» **INSTRUCTIONS TO FOLLOW**
For each line below that includes the word "White", make a copy.

------------------------------------------------

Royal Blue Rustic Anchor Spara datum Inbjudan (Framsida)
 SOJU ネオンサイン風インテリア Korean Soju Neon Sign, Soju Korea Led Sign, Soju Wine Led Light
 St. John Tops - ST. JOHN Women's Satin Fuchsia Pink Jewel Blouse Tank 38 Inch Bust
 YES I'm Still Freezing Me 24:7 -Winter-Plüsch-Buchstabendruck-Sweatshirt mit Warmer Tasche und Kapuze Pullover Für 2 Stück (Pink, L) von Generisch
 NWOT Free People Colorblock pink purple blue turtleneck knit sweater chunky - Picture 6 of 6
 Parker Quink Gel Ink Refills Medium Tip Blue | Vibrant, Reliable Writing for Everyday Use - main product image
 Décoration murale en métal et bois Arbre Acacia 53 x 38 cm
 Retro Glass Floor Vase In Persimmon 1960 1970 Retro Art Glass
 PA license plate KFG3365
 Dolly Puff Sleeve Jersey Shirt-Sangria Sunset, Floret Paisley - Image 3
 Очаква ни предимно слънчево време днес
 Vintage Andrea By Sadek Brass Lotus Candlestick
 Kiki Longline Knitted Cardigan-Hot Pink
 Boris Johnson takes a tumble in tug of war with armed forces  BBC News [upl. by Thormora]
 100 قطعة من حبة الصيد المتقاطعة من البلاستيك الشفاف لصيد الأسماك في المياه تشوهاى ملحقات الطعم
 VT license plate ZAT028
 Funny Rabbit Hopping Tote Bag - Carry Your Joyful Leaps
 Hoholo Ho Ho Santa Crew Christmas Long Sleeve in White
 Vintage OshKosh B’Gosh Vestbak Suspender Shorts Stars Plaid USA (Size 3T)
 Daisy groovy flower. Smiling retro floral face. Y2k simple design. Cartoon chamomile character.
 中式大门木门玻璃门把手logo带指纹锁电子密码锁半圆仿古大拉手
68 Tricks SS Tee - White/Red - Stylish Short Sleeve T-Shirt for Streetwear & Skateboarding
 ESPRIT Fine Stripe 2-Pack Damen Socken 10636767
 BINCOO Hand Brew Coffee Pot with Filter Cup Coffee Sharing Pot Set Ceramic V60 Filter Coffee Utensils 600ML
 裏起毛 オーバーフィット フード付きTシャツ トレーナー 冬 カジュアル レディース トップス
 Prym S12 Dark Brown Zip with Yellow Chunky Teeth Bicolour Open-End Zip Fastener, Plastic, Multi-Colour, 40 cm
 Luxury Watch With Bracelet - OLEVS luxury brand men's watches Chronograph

------------------------------------------------

» **TASK ANSWER**
 Hoholo Ho Ho Santa Crew Christmas Long Sleeve in White
68 Tricks SS Tee - White/Red - Stylish Short Sleeve T-Shirt for Streetwear & Skateboarding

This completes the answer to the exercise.